Às 19h54min da última quarta-feira, paródias de cantos da torcida Gre-Nal começaram a dar ritmo ao protesto pró-impeachment que ocupava uma das pistas da Avenida Goethe, em Porto Alegre.
"Onde estão, ninguém os vê, são os corruptos do PT", gritavam os megafones, acompanhados das batidas de bumbos e das palmas de quem estava em volta. Dos carros que passavam, ouviam-se buzinas em sinal de apoio.
Essa tem sido parte da rotina de um grupo de opositores ao governo federal que, há uma semana, montou barracas no Parque Moinhos de Vento, o Parcão, e diz só abandonar o local quando Dilma deixar a Presidência. No autointitulado Acampamento Sergio Moro, o juiz responsável pela Lava-Jato, a ordem é que se faça barulho.
Vinte e duas barracas e um número incerto de inquilinos tomaram conta de uma das esquinas do parque para, nas palavras dos organizadores, tornar-se um "símbolo de resistência". A iniciativa partiu de integrantes do grupo Banda Loka Liberal, movimento de maioria jovem que se diz desvinculado de partidos políticos e, para além do "Fora, Dilma", defende o liberalismo e a intervenção mínima do Estado. São universitários e profissionais de diferentes áreas da classe média que não negam a pecha de elite. Só não os chame de "coxinhas".
– O conto de fadas está acabando não só nas camadas de classe A e B, mas também está chegando nas classes mais baixas. Não se pode dizer que se trata de uma revolta de classe média, porque não há mais uma divisão – disse Tiago Menna, 28 anos, um dos fundadores da Banda Loka Liberal.
O protesto foi inspirado em atos semelhantes ocorridos em cidades como Brasília e São Paulo. Parte da turma carrega a experiência de 2015, quando engrossou por 10 dias o acampamento que pedia a saída da presidente no gramado da Esplanada dos Ministérios. Na capital gaúcha, o "camping do impeachment" se profissionalizou.
Uma fita plástica faz as vezes de cerca e isola a área onde ficam instaladas as barracas (para entrar, só com permissão), um grande toldo sobre cadeiras de plástico funciona como uma sala de estar e uma churrasqueira de latão serve de cozinha. Os participantes têm se revezado para nunca desguarnecer o local, porque quase todos trabalham, estudam ou simplesmente querem ir para casa tomar banho.
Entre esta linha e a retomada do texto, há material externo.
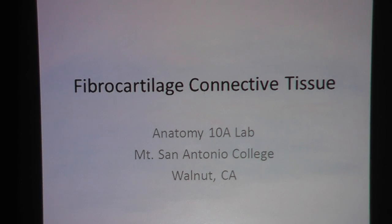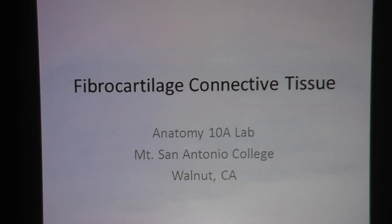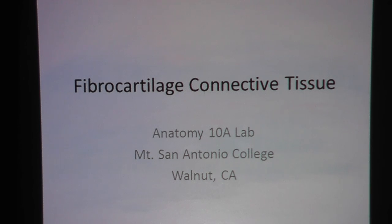Fibrocartilage connective tissue. These slides are made for a NAMI 10A lab at Mount San Antonio College.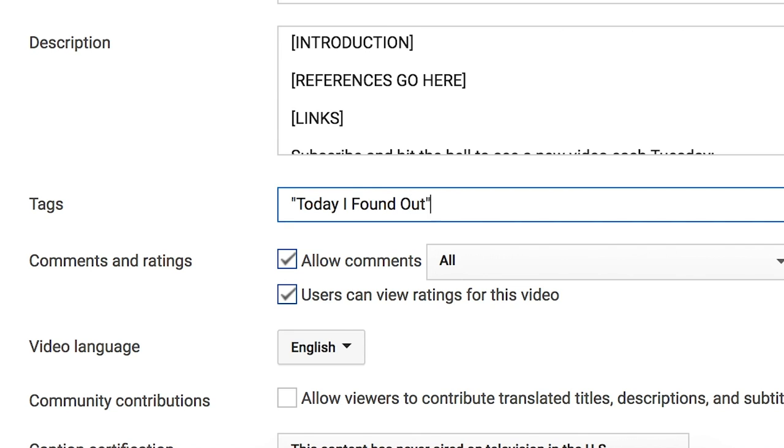Another one to mention is tags. These aren't really so super important, so don't spend a ton of time on them. Set your default tags — for every video we have things like 'Today I Found Out,' 'Simon Whistler,' 'fun facts,' that sort of stuff. And then also use third-party suggestion software for doing those tags. It's just a more efficient way to do it.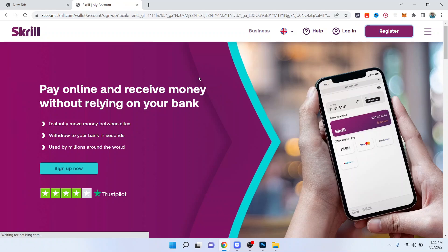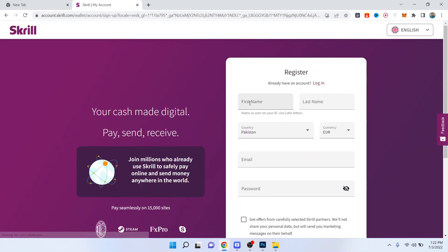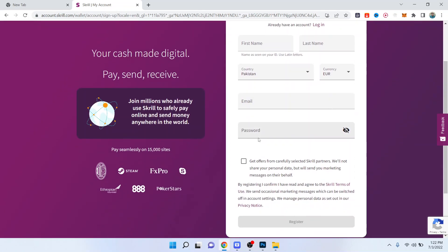on register, a new page will open and here you need to register yourself with your first name, last name, your country, your email, password, and then you need to click on register. Once you register, you simply need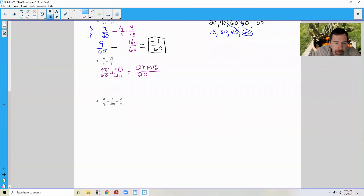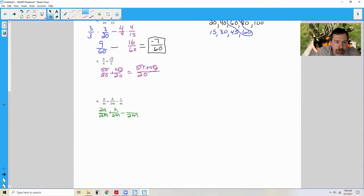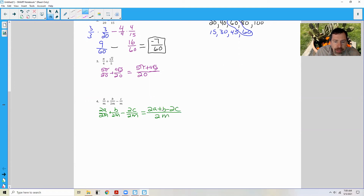Number 4 has denominators of m, 2m, and m. Obviously 2m is the least common multiple. This becomes 2m plus 2m in the middle minus 2m. To get from m to 2m I multiply by 2, so I multiply a by 2 giving 2a. The middle term b over 2m did not change. I multiply c by 2 giving 2c. Combining these unlike terms: 2a plus b minus 2c all over 2m. Since b does not have a 2, we can't factor the 2 out — this is the answer.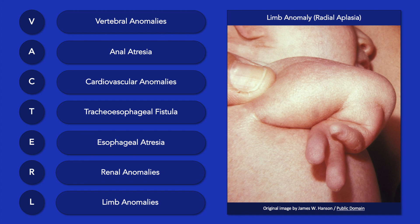Individuals with VACTERL association typically have three or more of the aforementioned features. Facial asymmetry and Fanconi anemia are just two other features that may occur, but are not represented by the acronym.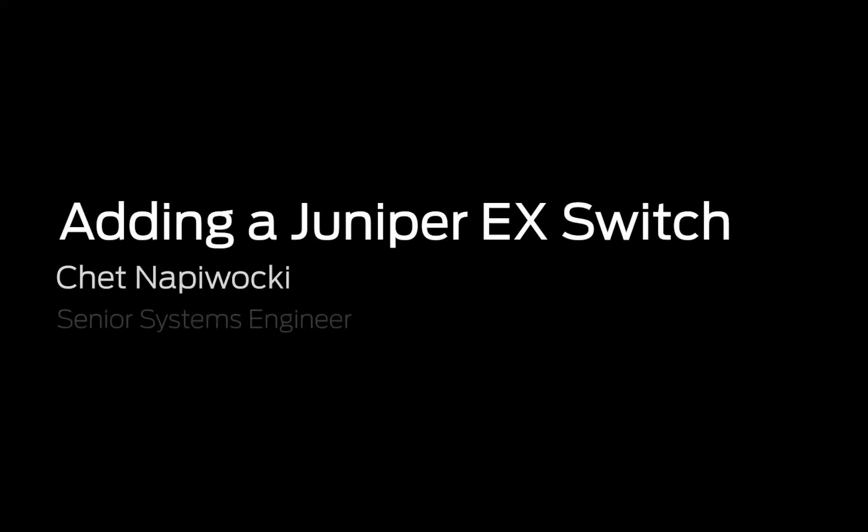In past tutorials, we've shown how to manage SRXs using Sky Enterprise. Today, Chet Nappawakee is going to take us through a similar exercise managing EXs using the Sky Enterprise cloud management platform. Hello and welcome. I am Chet Nappawakee with Juniper Networks. Today I am going to be showing you how to add a Juniper EX switch to the Juniper Sky Enterprise cloud-based management platform.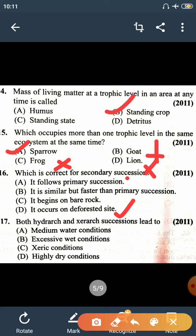Question number 17: both hydrosere and xerarch succession lead to — hydrosere is succession of plants in water, xerarch is succession of plants in dry/arid conditions. In both cases, succession leads to medium water conditions. The correct answer is option A — both lead to medium water conditions.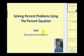Welcome to a lesson on solving percent problems using the percent equation. There is another video that solves the same types of problems using the percent proportion. The goal of this video is to solve percent problems.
Eles garantem que a subsistência vem do bolso dos próprios organizadores e de doações de simpatizantes. Na noite de quarta-feira, um senhor levou repelente, salsichão e pão. Em seguida, os comestíveis foram parar na grelha.
Leia mais:
Em infográfico, entenda a Lava-Jato
Dilma diz que falta base legal para tirá-la do Planalto
Jorge Colares, 54 anos, denomina-se um ex-comerciante, porque o negócio que tocava "faliu, mesmo". Eleito prefeito do acampamento com 28 votos, vencendo uma disputa contra outros três candidatos, administra o recebimento de doações, organiza a recepção de visitantes e gerencia a vigilância do local. Zero Hora viu dois seguranças, funcionários de uma empresa privada, que monitoravam o entorno das barracas munidos de pedaços de madeira que se assemelhavam a bastões de beisebol. Cada um recebeu R$ 150 pelo serviço de um turno, sob a condição de ir vestido "à paisana".
Nas últimas semanas, as manifestações pró-impeachment no país têm se desvinculado da oposição exclusiva ao governo petista e despejado críticas, também, a políticos de outras siglas envolvidos em denúncias de corrupção. Caso o movimento alcance o objetivo de derrubar a presidente, a linha de sucessão inclui três nomes citados na Lava-Jato: o vice-presidente, Michel Temer; o presidente da Câmara, Eduardo Cunha; e o presidente do Senado, Renan Calheiros. Iria o "Acampamento Sergio Moro" permanecer para pedir a saída deles?
– Estaremos na rua lutando para que saia qualquer um que esteja envolvido em esquemas de corrupção. Queremos uma limpeza ética do país – afirma o estudante de Direito Alberto Flores, 27 anos.
O rito do impeachment é longo. Nenhuma decisão deve sair da Câmara antes de maio e, depois, o Senado precisa decidir se aceita ou recusa a abertura do processo. Isso significa que, se cumprirem o planejado, os ocupantes do Acampamento Sergio Moro não deixam o Parcão tão cedo. Disposição demonstram ter: às 23h55min, quatro horas depois do início da apresentação, a banda ainda tocava.
– Dilma vai cair primeiro, depois o Renan Calheiros, Lula vai para o cativeiro e o Cunha vai depois – retumbava parque afora.